Our study revealed that TAZ/PIPC showed a prolonged t1/2 in the 2.25 g twice daily group and a reduced clearance rate that maintained the blood levels. In the pharmacodynamic analysis, the antibacterial effects of the drug with a MIC value of 32 μg/mL can be expected. Therefore, the 2.25 g twice daily regimen can be considered appropriate for the common modality setting of CRRT used in Japan, which consists of a continuous venovenous hemodiafiltration blood flow of 80 mL.min−1 and blood purification amount of 10–16 mL·kg−1·h−1. However, clearance mediated by the residual renal function is thought to occur in patients who underwent CRRT for non-renal indications, and in such cases, it would be necessary to exercise caution to avoid incidences of under dosing.
Drug metabolism during CRRT is known to be influenced by the percentage liver metabolism exhibited by a patient. In addition, in such situations, the liver metabolism was greatly influenced by various factors, including the liver and residual renal function, tubular secretion,19 and removal of drugs by blood purification of the patient. In our study, the residual renal function was remarkably low, and the rate of drug removal by blood purification was low because the targeted drugs were largely renally excreted, and the criteria for initiating CRRT were renal indication. Therefore, we concluded that the drug concentration was maintained at a lower dose than was expected.

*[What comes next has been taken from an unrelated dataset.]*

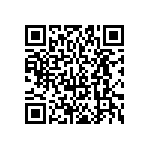 PA46-3-500-Q2-NO1-NP-R QRCode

We have to state a limitation of this study. The number of investigations was 10. They are very small, and it may be insufficient to assert that 2.25 g twice a day as the dosage of TAZ/PIPC during CRRT is the most appropriate. But we think that just because CRRT is performed does not mean we have to increase the amount and time of dosage of the medicine.
Considering that the common modality setting of TAZ/PIPC administration during CRRT in Japan uses a dosage of 2.25 g twice daily where the blood levels are maintained, we propose that the dose and frequency are appropriate, based on the outcome of this study.
The authors report no conflicts of interest in this work.